First of all I am quite beginner in Stream analytics and processing.
I am exploring Azure Stream Analytics and came across various design and most of time flow is like that.
Stream of Data ( Azure Eventhub ) -> Configure As input to ASA -> Some query -> Output to destination like Sql Server, Power BI , event hub.
Now let's say now there is 10000 events coming in minute and it is being processed by ASA with help of some window function like Tumbling window or so. Then out to Azure Sql DAtabase. Now here if we look at there may be many insert in Sql Server and it contains too many data as data coming in.
Is this good solution to use SQL Server ? If during a day there are too many events then don't you think it will become performance bottleneck.
Any suggestion / guidance or example will be greatly appreciated.
CodePudding user response:
Yes, Azure SQL DB will have no problem ingesting that much data (in fact can go as high as millions of rows per second). Here's a Learn path that you may find interesting: https://docs.microsoft.com/en-us/learn/modules/deploy-iot-solution-azure-sql-database/2-analyze-solution-architecture
CodePudding user response:
There are multiple aspects to consider here.

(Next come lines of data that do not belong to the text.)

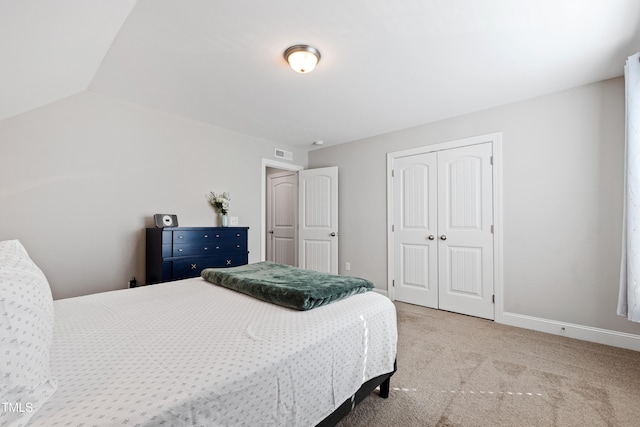 bedroom with visible vents, baseboards, vaulted ceiling, carpet flooring, and a closet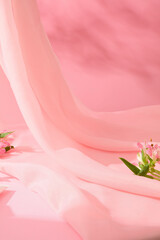 Pink background with gentle pink chiffon strips decorated with fresh flowers. Space in the middle...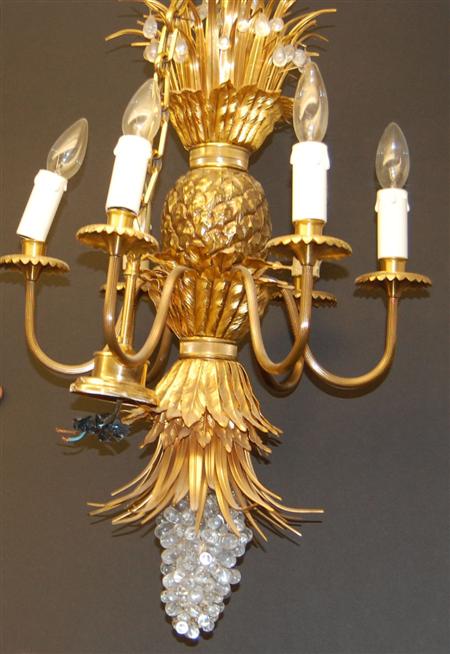 Appraisal: A pair of giltmetal chandeliers the central section shaped as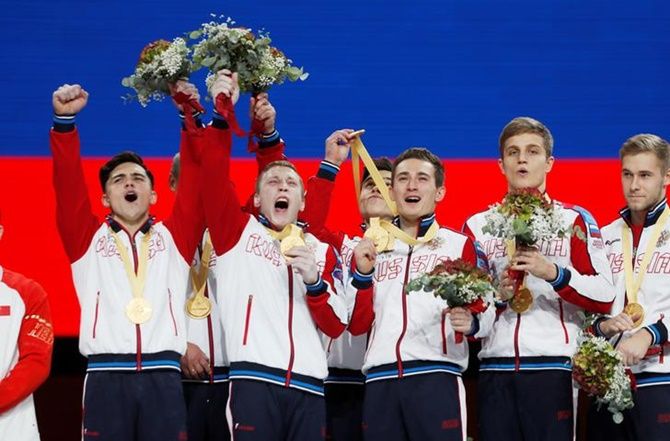 Russia's gymnasts celebrate on the podium after winning the men's team gold.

ASA can be used for event-by-event processing (for ETL-like ingestion but in real time) but where it really shines is with aggregations and time windowing (for real time analytics and reporting). These operations can significantly reduce the amount of data that is inserted in the database.
Using ASA to reduce the output volume
If your use case is along those lines, you can go from 10000 events per minutes (all devices in your fleet) to 5 per hour (average of metrics per hour over 5 factories). You can always add a second output that will generate an alert if a specific metric stays above a threshold for more than 5 seconds (1 alert per 30 seconds expected).
So any scale discussion needs to be made in the context of the business case. For the above you may need a medium sized job to process data at 10K events per minute, but any entry level SKU will work for the database.
SQL Outputs do scale
Now let's say that your use case requires 10000 records being inserted by minute in a SQL database.
This article discusses the performance implication of targeting Azure SQL. There you'll see that if the destination table is partitioned in alignment with the input and query, and you stay in the sweet spot for the batch size of the bulk insert, it should handle the load fine. Here it's less an issue of capability, and more of performance/price. In most cases you will be able to scale up the database until it handles the load, but it may become too expensive to operate.
An alternative is to target a Synapse SQL Pool (formerly SQL DWH), which scales easily up to 200MB/sec. It's a distributed system, like ASA, so it will scale up more elegantly and with a better performance/price ratio (but the starting point is higher, and you need to think about distribution).
Other outputs
As a commenter pointed out above, if you don't need the relational aspect of a SQL database, you may want to explore switching to a Cosmos DB output. Cosmos DB is a database that is distributed (scales very well with ASA), and stores documents instead of rows. The main benefit here is that you won't have data types issues writing into that database, they're not enforced, contrary to a SQL database.
But this comes with a suite of other aspects you will need to learn about, so if you're already comfortable with a SQL database, you may well want to stick to it at first.